Investment Banking Data Analysis Tools
EDGAR gives you just the facts. The SEC puts almost no effort into getting the data into a format that’s easy for investment bankers to analyze. And that’s by design. EDGAR is built to simply be a central storage place for all the documents filed by companies and investors.
Investment bankers need much more than comes out of EDGAR. Reading a regulatory filing word by word like a book isn’t how analysis is done. The numbers must be examined and dissected, and making this happen takes some data mining.
But before you start building complex mathematical formulas and spreadsheets, it’s always a good idea to see if you’re able to get the data you need from a pre-built system. Here are examples from three of the most dominant players in the business that do much of the analysis of EDGAR data:
Bloomberg: If knowledge is power on Wall Street, then investment bankers’ go-to weapon is their Bloomberg machine. These devices, which you see perched on many investment bankers’ desks, pull financial data from thousands of sources, including from EDGAR. All the data are organized and accessible with just a few keystrokes.
You can find data about the specific company you’re examining, but also the stock and bond data of the company’s competitors. If you work at a firm that has Bloomberg access, you’ll most likely be able to extract the data you need there.
S&P Capital IQ: Standard & Poor’s is a household name, but when it comes to ranking the creditworthiness of companies and governments, it’s becoming more well known when it comes to data services.

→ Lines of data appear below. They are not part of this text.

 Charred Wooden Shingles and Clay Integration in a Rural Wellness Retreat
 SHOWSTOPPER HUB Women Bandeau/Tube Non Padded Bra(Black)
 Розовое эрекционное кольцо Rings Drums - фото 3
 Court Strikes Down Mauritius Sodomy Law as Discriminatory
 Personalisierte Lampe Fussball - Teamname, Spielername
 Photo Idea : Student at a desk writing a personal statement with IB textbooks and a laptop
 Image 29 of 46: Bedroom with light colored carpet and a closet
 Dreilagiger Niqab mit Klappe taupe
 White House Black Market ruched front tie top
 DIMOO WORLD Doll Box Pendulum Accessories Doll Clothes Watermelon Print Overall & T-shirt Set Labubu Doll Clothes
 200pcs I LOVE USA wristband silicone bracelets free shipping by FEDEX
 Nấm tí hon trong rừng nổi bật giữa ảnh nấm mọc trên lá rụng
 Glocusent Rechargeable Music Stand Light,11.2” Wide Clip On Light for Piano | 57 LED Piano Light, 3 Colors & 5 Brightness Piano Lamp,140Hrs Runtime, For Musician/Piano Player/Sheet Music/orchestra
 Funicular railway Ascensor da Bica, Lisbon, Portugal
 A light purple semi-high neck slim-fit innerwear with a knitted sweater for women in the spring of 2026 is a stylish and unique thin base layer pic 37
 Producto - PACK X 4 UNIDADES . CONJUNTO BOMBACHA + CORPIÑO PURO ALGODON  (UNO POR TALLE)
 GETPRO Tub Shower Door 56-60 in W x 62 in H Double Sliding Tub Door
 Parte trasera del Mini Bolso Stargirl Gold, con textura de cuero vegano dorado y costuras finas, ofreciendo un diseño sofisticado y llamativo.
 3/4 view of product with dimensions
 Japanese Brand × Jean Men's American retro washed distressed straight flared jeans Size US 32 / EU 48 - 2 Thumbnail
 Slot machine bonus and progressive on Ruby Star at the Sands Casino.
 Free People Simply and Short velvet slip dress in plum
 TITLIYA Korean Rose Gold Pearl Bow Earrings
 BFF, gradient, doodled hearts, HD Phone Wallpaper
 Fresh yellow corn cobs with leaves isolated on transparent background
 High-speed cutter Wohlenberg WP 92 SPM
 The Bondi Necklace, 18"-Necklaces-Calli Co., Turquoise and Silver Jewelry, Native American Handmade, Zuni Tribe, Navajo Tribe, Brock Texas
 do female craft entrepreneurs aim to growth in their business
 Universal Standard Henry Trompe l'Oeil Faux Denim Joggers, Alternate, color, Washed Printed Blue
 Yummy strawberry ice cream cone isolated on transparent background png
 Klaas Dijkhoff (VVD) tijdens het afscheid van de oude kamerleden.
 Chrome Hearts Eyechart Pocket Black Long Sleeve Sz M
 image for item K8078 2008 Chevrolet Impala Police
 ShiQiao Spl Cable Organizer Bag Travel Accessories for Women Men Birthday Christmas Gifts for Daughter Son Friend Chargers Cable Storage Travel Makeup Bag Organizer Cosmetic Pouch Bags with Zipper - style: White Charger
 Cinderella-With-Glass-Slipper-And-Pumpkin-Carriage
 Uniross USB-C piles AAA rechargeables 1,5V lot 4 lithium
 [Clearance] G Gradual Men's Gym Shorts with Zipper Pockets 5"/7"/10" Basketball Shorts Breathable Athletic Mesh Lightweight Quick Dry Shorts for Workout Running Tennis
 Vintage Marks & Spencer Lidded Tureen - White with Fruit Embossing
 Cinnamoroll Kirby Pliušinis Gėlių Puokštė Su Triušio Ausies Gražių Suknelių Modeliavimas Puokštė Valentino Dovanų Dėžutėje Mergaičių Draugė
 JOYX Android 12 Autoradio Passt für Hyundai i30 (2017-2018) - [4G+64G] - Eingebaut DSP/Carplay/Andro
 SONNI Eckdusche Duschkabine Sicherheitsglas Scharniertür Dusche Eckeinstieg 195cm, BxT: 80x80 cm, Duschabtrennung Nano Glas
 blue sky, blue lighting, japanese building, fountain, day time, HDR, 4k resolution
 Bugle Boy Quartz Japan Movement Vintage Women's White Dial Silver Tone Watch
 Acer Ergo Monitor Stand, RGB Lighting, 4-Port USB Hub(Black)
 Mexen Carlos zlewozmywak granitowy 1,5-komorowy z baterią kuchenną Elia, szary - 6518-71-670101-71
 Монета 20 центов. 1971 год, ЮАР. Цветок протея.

S&P Capital IQ is a web-based financial information system that provides in-depth access to just about anything you’d want to know about companies. The system calculates various financial ratios. S&P Capital IQ is especially good at pulling data out of EDGAR and presenting it in a way that makes analysis easy.
Thomson Reuters: This data service has a long history of being invaluable for investment bankers, especially in Europe. It, too, contains a wealth of knowledge from companies, and if your office has access to the system, you can save yourself lots of time by pulling the data out here.
Keep in mind that Bloomberg, S&P Capital IQ, and Thomson Reuters are all, first and foremost, professional products. The subscription fees for these services are pretty steep, because they’re not designed for consumer use. But if you work at a bank, brokerage firm, or investment banking operation, most likely you can gain access to one of these three systems.
Even if your workplace doesn’t have Bloomberg or Thomson Reuters access, you can still gain from their wealth of information. Both Bloomberg and Thomson Reuters operate robust public websites that contain a good helping of aggregated data from EDGAR.
Thomson Reuters’s website is particularly good at providing investors with a bevy of commonly used financial ratios. You can save yourself a ton of time by looking up financial ratios on Thomson Reuters’s site as opposed to calculating them yourself.